Director: Gus Van Sant;
In this big surprise of the week (who would expect Sean Connery to come up with his Unforgiven at this stage), black Bronx high school student Jamal Wallace (Rob Brown) meets William Forrester (Sean Connery), an odd neighbourhood resident. A reclusive novelist, hiding from the world since his first brush with fame, Forrester is a literary snob, a lout and a voyeur who loves to peep into neighbours' windows with his binoculars. Wallace is a scholar-athlete, a 16-year-old potential genius who sneaks into Forrester's rancid shrine on a dare.
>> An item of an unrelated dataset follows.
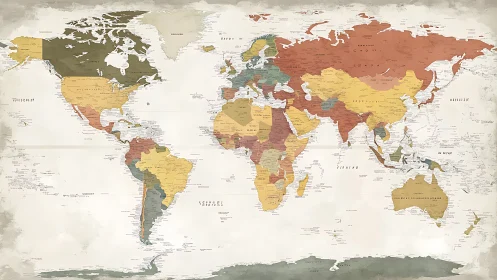 Political world map with muted color regions and labels.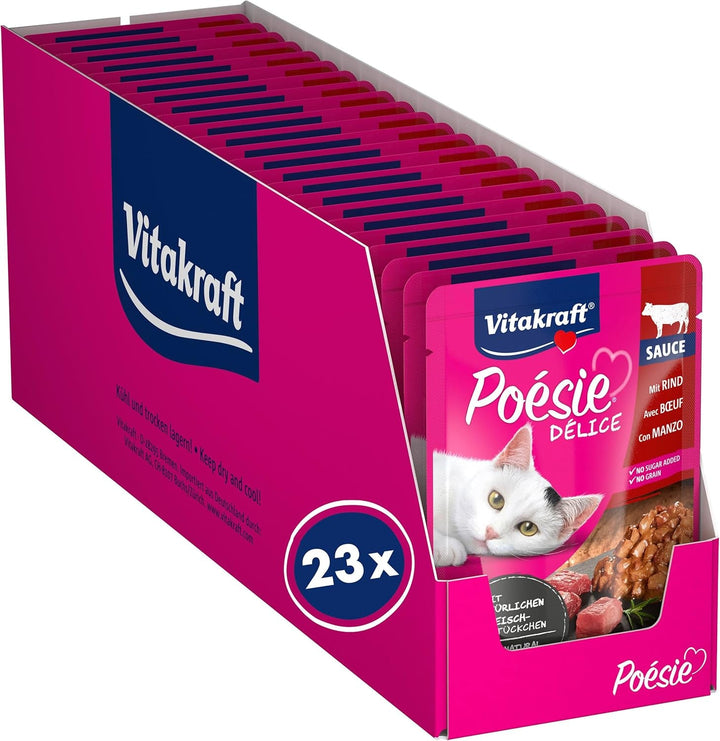 Vitakraft Poésie Délice, hrană umedă pentru pisici, hrană umedă pentru pisici în sos, cu carne de vită, preambalată, fără adaos de zahăr și cereale (23X 85G)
He then finds, after a series of encounters, an acerbic mentor in the scholar-degenerate.
The film could have slid into a condescending drama of a home-boy rescued by a white guru, but director Gus Van Sant avoids the cliches. He focuses instead on the friendship between two exceptional men separated by race and generation. It's a difficult relationship shot tightly in mid shots and close-ups, with a sudden top-angle wide, which emphasises the distance, appearing somewhere in the middle. Forrester is also a sensitive man trying to come to grips with some of the choices he made. Wallace, on the other hand, is negotiating hard with his talents—he is after all an ace basketball player and a gifted writer. He is called to an upmarket Manhattan institution on the basis of his test scores—it turns out that the school is more interested in the black kid winning a sports trophy.
By choosing a non-actor to essay Wallace's role, Sant succeeds in bringing a certain deadpanness to his role. Brown is consistent throughout without having to emote—it gives him the kind of cool intensity, which collates well with the tough situations Wallace has to face. One of them includes an unspoken attraction with a classmate (Anna Paquin) whose father is on the school board.
Finding Forrester is also unsentimental about Wallace's colour. It is, however, Forrester who intrigues you—it is rare to get his type in a leading role, and Sean Connery brings out the pungent irony latent in the character.
The problem, however, is the unusually low-key treatment towards the end—Sant is unable to hold the movie when Forrester sheds his reclusiveness to stand up for his friend. The climax looks hurried and you can see the austere tone actually giving way to a tame melodrama.